By now you have seen the photos, watched the videos, and heard your friends tell of the amazing skiing in Japan. That is why you are here at SnowLocals.com because you want a piece of the world’s deepest powder.
But not many people know just how much skiing there is in Japan and the difference between resorts and regions. Here is a little background info to learn before booking a ski trip to Japan.
where are Japanese Ski Resorts?
GETTING TO JAPAN IS EASY
- Tokyo has two main airports. Narita (NRT) & Haneda (HND). International flights can land at either airport.
- Narita airport is the most popular of the two Tokyo airports and it is not very close to downtown Tokyo. The Narita Express train takes 53 minutes to get to Tokyo station and then the closest worth-while ski areas are another 2-hour bullet train away. Bullet trains run on the Shinkansen lines, they go fast, and they are not cheap. A two hour bullet train to good skiing regions could be a 4-hour car ride.
For skiing purposes Japan has 2 islands. The main island is Honshu and is where Tokyo is located.
- Japan is divided into Prefectures that are like states or regions. Japan has around 600 ski areas. We have cut out the worst and sought out the best areas.
- The most popular skiing regions on Honshu are directly west of Tokyo, about 4 hours by car. This broad area is where you will find Hakuba, Nozawa Onsen, Myoko, and Shiga Kogen.
- Good skiing also exists north of Tokyo at resorts dotted all the way to the small strait separating the north island from Honshu.
Honshu Prefectures & Resorts:
White World OZE Iwakura
Snow Park OZE Tokura
Prince Hotel Shizukuishi
- The north Island of Japan is Hokkaido. Sapporo is the major city on Hokkaido and the airport you will fly into is New Chitose (CTS).
- In the simplest of comparisons, mountains on the island of Honshu can be bigger and steeper than those on Hokkaido, but Hokkaido is known to receive more snowfall than the ski areas on Honshu. There are exceptions to this rule.
- You can also get to Hokkaido via train (through a brief underwater tunnel) or on a ferry from Honshu.
- Sapporo is an easier city to explore than Tokyo. We recommend planning your nights out here.
resorts on Hokkaido:
- All your main train lines leave from Tokyo Station.
- Skinkansen = bullet train
- Express/Rapid = less stops
- Local = sweaty and crowded
- JR (Japan Railway) is the company that operates the trains.
- Take the Narita Express from NRT to Tokyo Station
- costs $15 and takes 53 minutes
- These trains are not built for carrying ski/snowboard luggage. Get used to cramming yourself in and ignore the funny looks.

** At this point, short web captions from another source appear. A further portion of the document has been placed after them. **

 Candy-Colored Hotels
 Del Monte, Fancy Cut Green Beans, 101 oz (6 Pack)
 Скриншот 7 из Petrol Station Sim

- Reserved seats cost more, but guarantee you a seat. Japan is not a place where people are willing to switch seats or challenge the system, so if you are in someone's seat on an otherwise empty train they will be very confused until you relocate. Many of my train rides have been spent in the standing areas between cars.

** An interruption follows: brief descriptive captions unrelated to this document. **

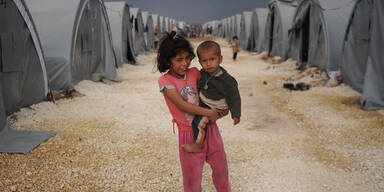 Studie: Syrische Kinder wollen nicht in Heimat zur&uuml;ck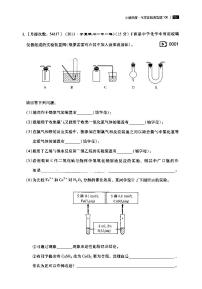 2021年高考化学《化学实验典型题》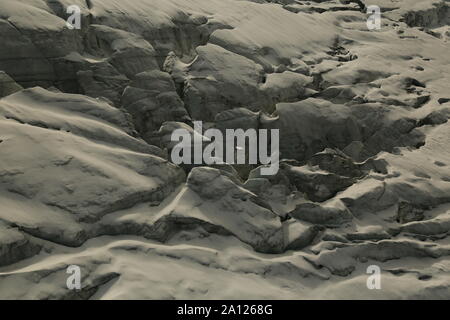 Titlis, Engelberg, Schweiz Stockfoto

- You can usually purchase a ticket from very helpful attendants at a window somewhere. Everyone else will use the machines.
- From CTS airport on Hokkaido, JR rapid trains run 4 times per hour to Sapporo, take 35 mins, and cost under $10.
Bus & Shuttle
- You will need a bus to every resort from the nearest train stop, downtown, or airport.

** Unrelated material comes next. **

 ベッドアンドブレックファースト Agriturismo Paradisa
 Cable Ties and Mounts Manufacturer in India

- Most resorts operate a free or low cost shuttle to get you from the last public transport stop to the resort. The departure times are always few and far between.
- Most (easy) flights form North America land in Tokyo after the last train to Nagano. Your best option is the Snow Shuttle that leaves directly from NRT and delivers you to your door in Hakuba or other areas around Hakuba on Honshu. The Snow Shuttle takes about 6 hours and you will arrive at your accommodation well after midnight.
- Taxis are expensive. Two people with gear can squeeze in one taxi, but you must be proactive and creative to make your gear fit.
Japan by Camper Van
- If you want to experience more of Japan or if you want to be able to chase the storms, then rent a camper van.
- Japan Campers is the company and Snowlocals can set you up with one of their camper vans.
- In a camper van you will see the real countryside of Japan and be able to reach resorts or backcountry zones far beyond what most other skiing foreigners will ever see.
- Each van is fitted with heaters, so winter camping is comfortable. Each van also has an iPad so you are connected to the Mother Ship, have GPS navigation, and have internet via a hot-spot.
- Japan is perfect for camper vans; you can sleep anywhere and their convenience store game is on another level. 7-11 shops will be your staple, but this isn't what you think. A 7-11 in Japan offers some pretty good food. See for yourself.
- Pick up an International Driving Permit for $15 before you depart.
- You can pick up your van only a 30 min train form NRT.